What do not, usually, feature in the measures of poverty are the distributional considerations related to dispersion around mean or the distance from the threshold on the lower side. A common measure of relative deprivation deals with vertical inequality to compare inter-individual distribution in, say, wealth. Emphasis is now on measures that capture horizontal inequality or inter-group variations in, say, possession of wealth including the decomposition of overall inequality into contributions from within and between group inequalities.

Since the ultimate aim is to find pathways to reduce deprivation, the availability and quality of data play an important role in converting these measures into real numbers so that the target population is more accurately estimated and the intervention has a greater impact.

In this area of applied measurement, Jayaraj and Subramanian have made useful contribution for over a decade, and the book under review brings together their essays published in academic journals. Focussing largely on evolving new measures, the book discusses the effectiveness of existing ones in capturing deprivation. Anyone who ventures to read the chapters thoroughly and in totality may find the going tough (except in the case of the first chapter) unless he is mathematically and quantitatively inclined.

Summary

The introductory chapter provides a summary of the different extensions of poverty and inequality measures and their applications dealt with in the chapters that follow. The second chapter makes a comparison between a multi-dimensional indicator based on the capability approach and ‘school-less-ness' — an expanded definition of child labour. The latter concept covers all the children who are out of school, not just those engaged in wage employment but also those who are assisting the family in economic or non-economic activities.

The 1991 census data show a distinct correlation between higher incidence of ‘school-less-ness' and higher deprivation across States, going by the ‘generalised index'. Graphics are commonly used for visual impact while presenting comparative data related to poverty and inequality. Some new ‘devices' are employed to capture age structures of population (Chapter 6), ageing (Chapter 7) and women-to-men ratio across age profiles (Chapter 8). The illustrations serve to bring out the strengths and limitations of the popular approaches to measurement that largely miss out distributional aspects, while arriving at a measure of the core trend.

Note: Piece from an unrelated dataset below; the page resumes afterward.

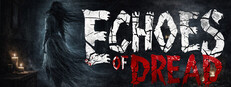 Echoes of Dread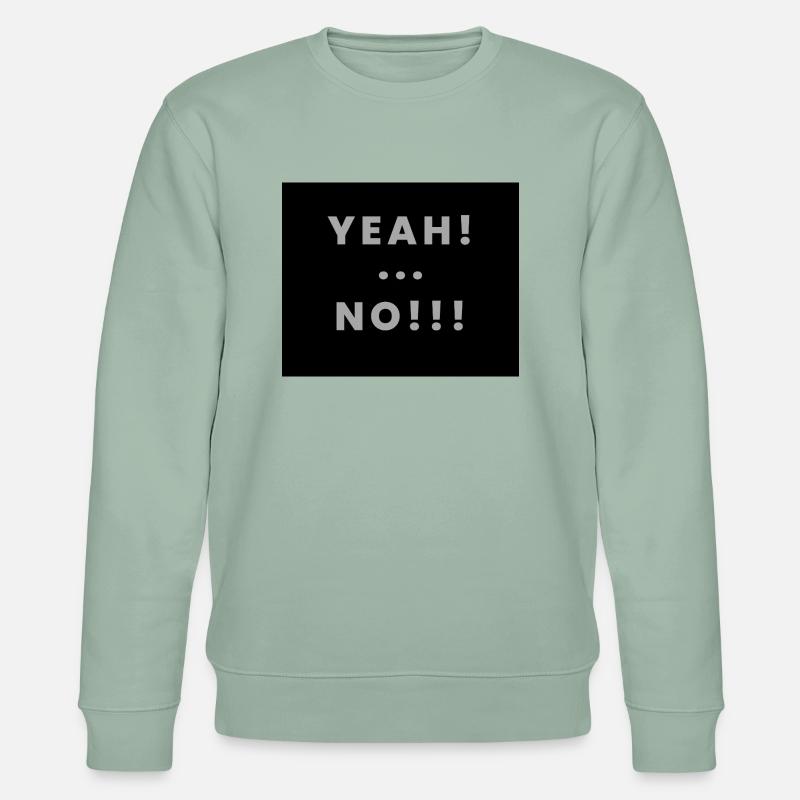 yeah no - Stanley/Stella Unisex Bio-Sweatshirt CHANGER  - Helles Graugrün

Wealth inequality of the horizontal and vertical types in India is the subject of a rare study that uses a huge body of information on indebtedness, and physical and financial assets covering four decades (Chapter 5). However, its findings that the phenomenon of highly skewed distribution of assets persisted over time — and more so in poorer States like Orissa — and that the self-reported nature of data on financial wealth understates the level of polarisation come as no surprise. The last two chapters are classic pieces for pedagogy in the incorrect assessment of data generated as well as the methodology used. Also, they should serve as a warning to the data collecting agencies and researchers against lack of diligence and rigour in analysis.

The chapters straddle different derived measures of poverty and inequality, and the contextualisation leaves one in a state of confusion as to their appropriateness to different situations. Possibly, the first chapter, written by Subramanian, could have addressed this more effectively.

The hallmark of the essays lies in contextualising the measures derived, without compromising on the ‘conceptual soundness', and supporting it with real numbers — and, in a few cases, also engaging in useful discussion as, for instance, on the use of ‘faulty procedures' in utilising the data. Overall, what emerges is that deprivation persists in certain regions and among certain groups, calling for more systematic and effective interventions.